As I keep mentioning, I don’t think Mark was at all interested in doing a fact-packed biography of Jesus, but instead setting up an outline of how Mark’s Community was to follow Jesus in ministering to this broken world. It is a human temptation to want to be seen as the all-sufficient hero of our own story. We want to swagger while flexing our muscles and endurance in our adventure of derring-do. I think of the old Andy Griffith Show where Andy played the folksy and kindly Andy Taylor, Sheriff of a small Southern town, and most of us would like to have that part of the one who could do it all by himself - raise a son all by himself, being the one competent figure who holds it all together. In my dreams I would like that part, but all too often I find myself cast as the Don Knotts Barney Fife character, who talks big and tries to do it all by himself and becomes overwhelmed because he needs a power greater than himself. Life is a comedy in so many ways, and we need to go to a lonely place often to be with God so it does not turn into a tragedy.
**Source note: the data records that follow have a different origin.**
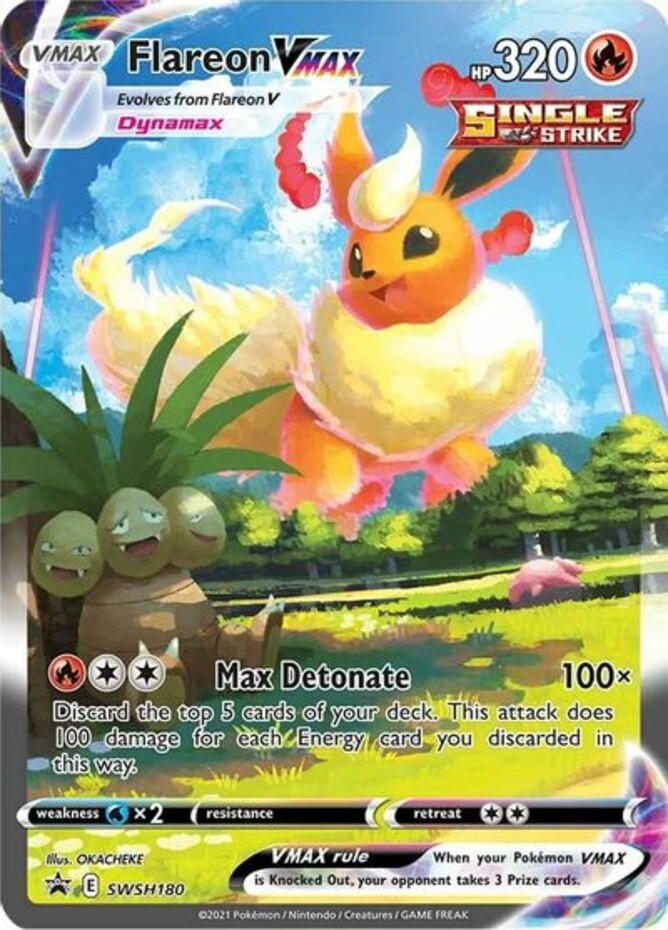 Lightly Played Flareon VMAX - SWSH180 - SWSH Black Star Promo Pokemon SWSH Black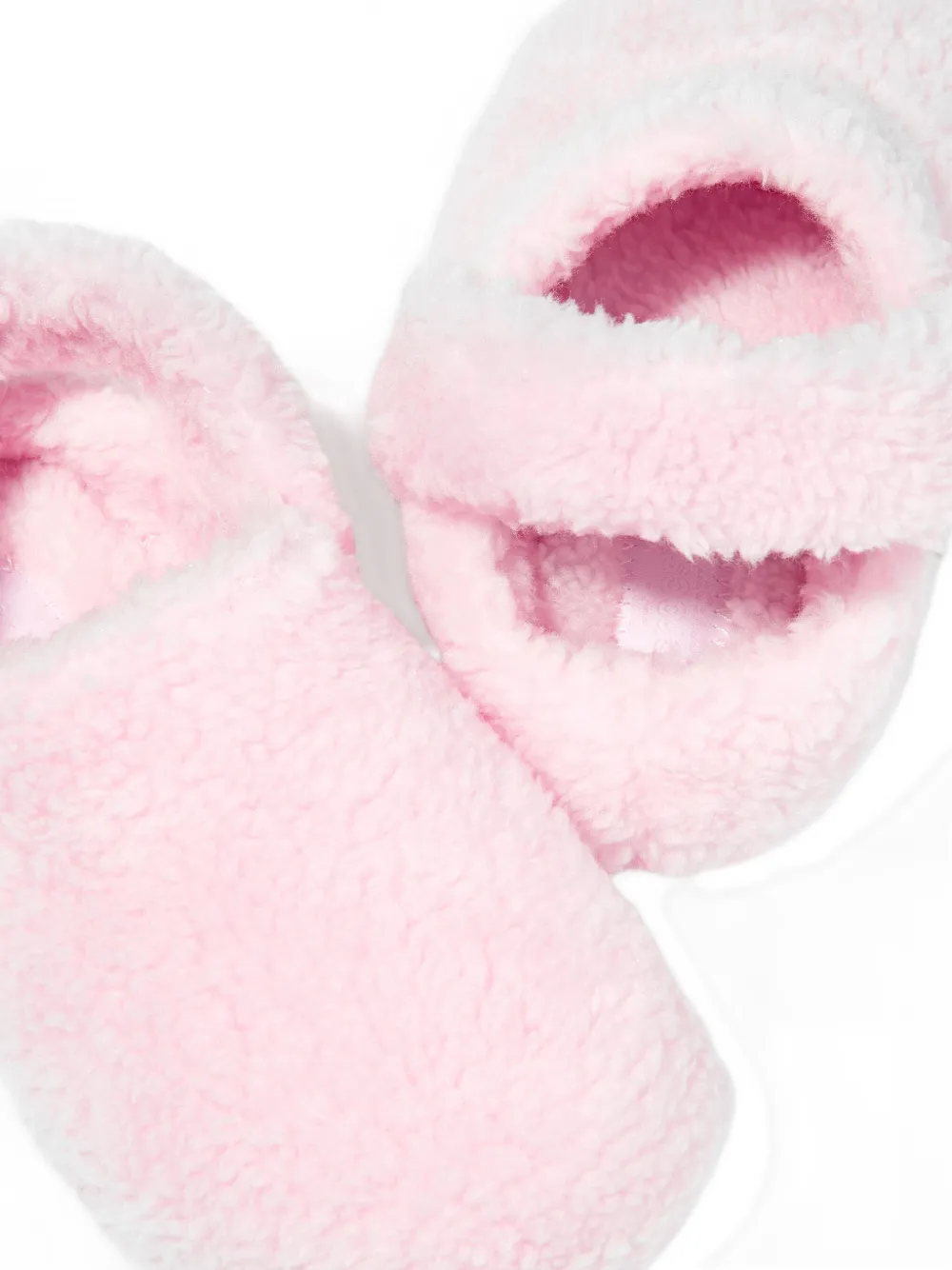 Crocs Kids Cozzzy slippers met imitatiebont Roze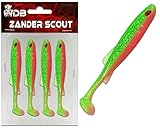 Wild Devil Baits Zander Scout Gummifisch Shad Zanderköder (Electric Chicken, 12,5cm)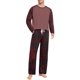 thumbnail image 1 of Conjunto de pijama informal de estilo masculino, camisa de manga larga con cuello redondo y cordón en la cintura, pantalones largos holgados, conjuntos para el hogar, pantalones cortos de manga corta, 1 of 7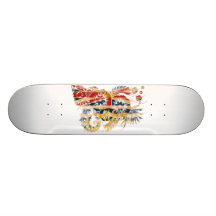 Drapeau de Colombie-Britannique Skateboards Personnalisés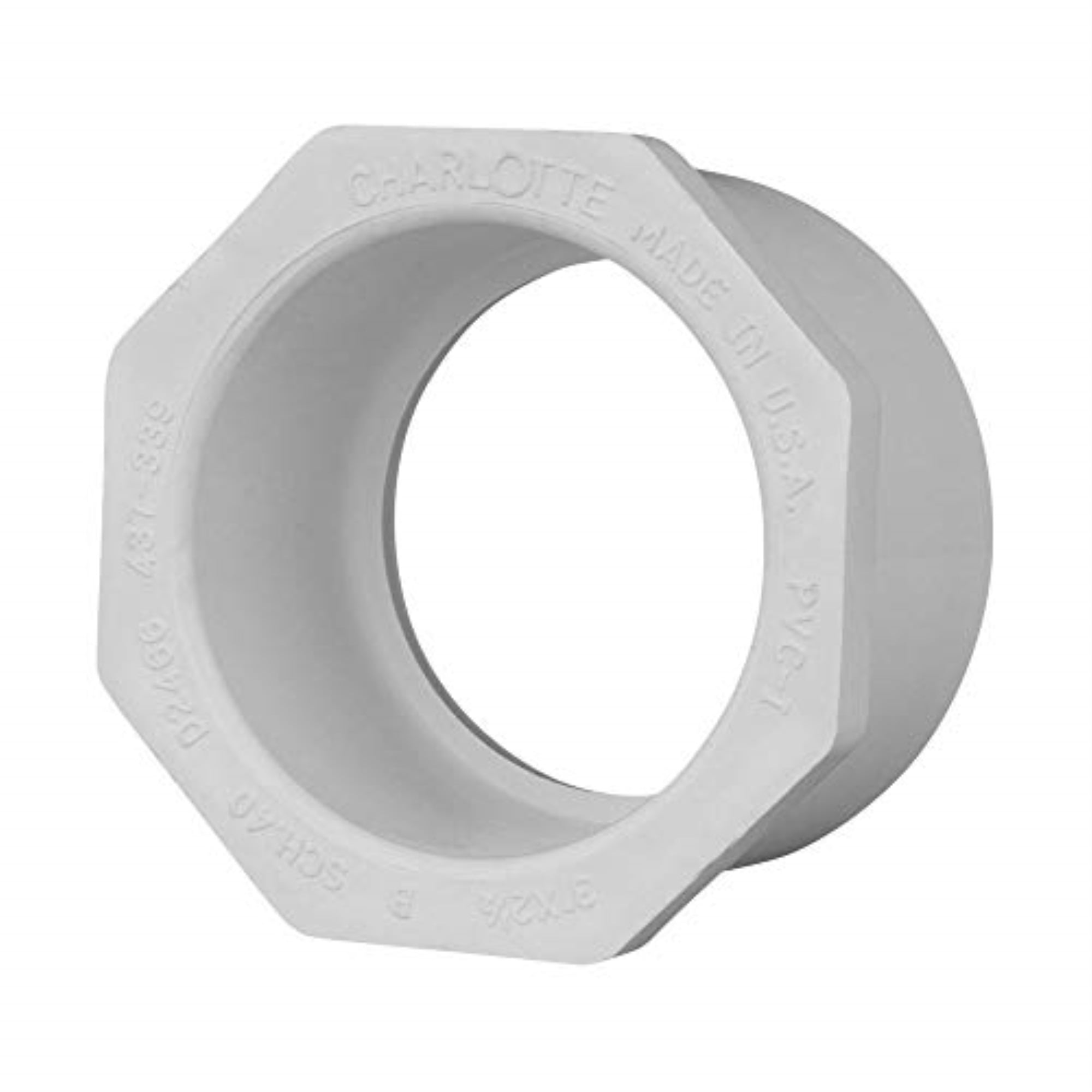 Charlotte Pipe & Foundry 4006870 3 x 2.5 in. PVC Pipe Reducing Bushing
We are about to come up to Lent in ten days where we like to cast ourselves as the hero in our faith journey. What I will urge you to do is to become weak and rely on the power of One who offers kindness to us each day.

Going To a Lonely Place
“How are you able to do all this?” they asked
him while smiling a bit longer than necessary,
while he had visions of fleeing to a high aerie
looking for an opening to get out of there fast.
He had come to end of his own great strength
starting to entering in to doing things by rote
by giving lip service followed by a right quote
wondering if they'd tell a difference at length.
He shook off the grasping hands holding him
as he made way to escape door to quiet place
where he could enter into silence of God face
to face not having say words or sing a hymn.
“Let divine breath rush over me,” he sighed
letting a Holy Strength wash in as new tide.